Trump's decision not to label Beijing a currency manipulator beneficial
BEIJING — US President Donald Trump's decision not to label China a currency manipulator is a wise choice that will be highly beneficial to China-US relations.
The US leader's distancing himself from his previous promise shows that he has an increasingly realistic comprehension of the economic and trade connections between the world's top two economies.
The move also shows that Trump has gained a better understanding of how important it is for both sides and the rest of the international community to ensure the world's most important bilateral ties remain stable and even grow after a meeting between him and his Chinese counterpart, Xi Jinping, last week in the US seaside resort of Mar-a-Lago.

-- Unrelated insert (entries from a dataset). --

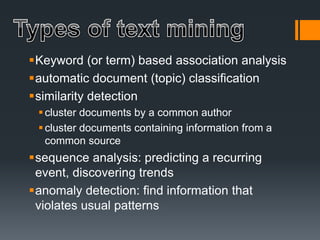 Keyword (or term) based association analysis
automatic document (topic) classification
similarity detection
cluster documents by a common author
cluster documents containing information from a
common source
sequence analysis: predicting a recurring
event, discovering trends
anomaly detection: find information that
violates usual patterns
 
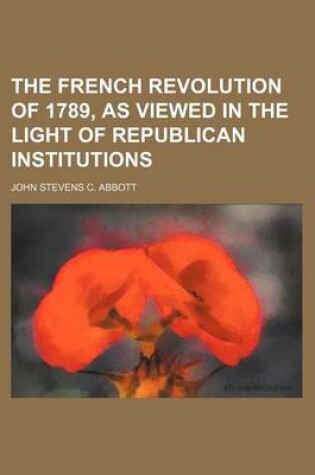 Cover of The French Revolution of 1789, as Viewed in the Light of Republican Institutions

At their first meeting, the two presidents agreed to expand mutually beneficial cooperation, and manage their differences so as to bring about greater progress to the two countries and their peoples.
Among the many areas in which the two leaders reached important consensus, one is to facilitate the healthy development of two-way trade and investment, which has increased rapidly in recent years.
Bilateral trade in goods hit $519.6 billion in 2016, an increase of 207 times compared with the figure in 1979 when the two countries established diplomatic relations.
Trade in services between the two countries exceeded $110 billion last year and two-way investment reached $170 billion.
In 2015, bilateral trade and two-way investment helped create about 2.6 million jobs in the United States and contributed $216 billion to the US economy, equivalent to 1.2 percent of the US gross domestic product, said a report from the US-China Business Council.
Obviously, both countries, especially the United States, have greatly benefited from such a close trade relationship -- they are now each other's largest trading partner.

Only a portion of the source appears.